CI/CD Pipeline Tools for a Remote Team of 2 Backend Developers
Two-person backend teams face unique automation challenges. You have enough code to benefit from continuous integration and deployment, but not the overhead to manage complex enterprise tooling. The right CI/CD pipeline tools can automate testing, catch bugs early, and deploy your applications with confidence—all without requiring dedicated DevOps resources.
What Small Remote Teams Actually Need
Before examining specific tools, consider what matters most for a two-person backend team working remotely:
- Fast feedback cycles: Both developers need quick test results to maintain velocity across time zones
- Minimal configuration overhead: Time spent on pipeline maintenance directly impacts feature development
- Cost efficiency: Free tiers and reasonable pricing for small projects
- Strong GitHub/GitLab integration: Most backend teams already host code on these platforms
- Deployment flexibility: Support for various hosting targets (AWS, GCP, Heroku, self-hosted)
GitHub Actions: The Default Choice
For teams already using GitHub, Actions provides the lowest friction path to CI/CD. The workflow configuration lives in your repository, and the free tier includes substantial compute time.
A basic CI workflow for a Node.js backend service:
name: CI
on:
push:
branches: [main]
pull_request:
branches: [main]
jobs:
test:
runs-on: ubuntu-latest
steps:
- uses: actions/checkout@v4
- name: Setup Node.js
uses: actions/setup-node@v4
with:
node-version: '20'
cache: 'npm'
- name: Install dependencies
run: npm ci
- name: Run tests
run: npm test
- name: Run linting
run: npm run lint
This configuration runs on every push and pull request. The cache: 'npm' directive caches node_modules, significantly speeding up subsequent runs.

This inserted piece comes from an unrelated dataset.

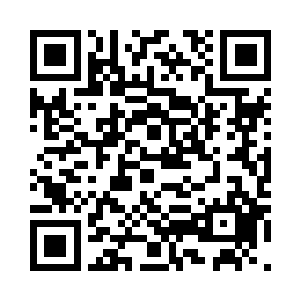 于是就沿着小道一边赏梅一边往里走二维码生成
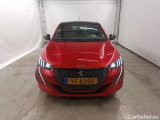  Peugeot  208 PEUGEOT  - 2019 1.2i PureTech GT Line (EU6.3) 5d #5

For deployment, add a job that runs after tests pass:
deploy:
needs: test
runs-on: ubuntu-latest
if: github.ref == 'refs/heads/main'
steps:
- uses: actions/checkout@v4
- name: Deploy to production
env:
DEPLOY_KEY: ${{ secrets.DEPLOY_KEY }}
run: |
echo "$DEPLOY_KEY" > deploy_key
chmod 600 deploy_key
ssh -o StrictHostKeyChecking=no $SERVER "cd /app && git pull && npm run deploy"
The needs: test dependency ensures deployment only happens after successful tests. The if condition restricts deployment to the main branch.
GitLab CI: Strong Free Tier
If your team uses GitLab, their CI/CD offering deserves attention. The free tier includes 400 pipeline minutes monthly with unlimited CI/CD minutes on self-hosted runners—a significant advantage for teams wanting more control.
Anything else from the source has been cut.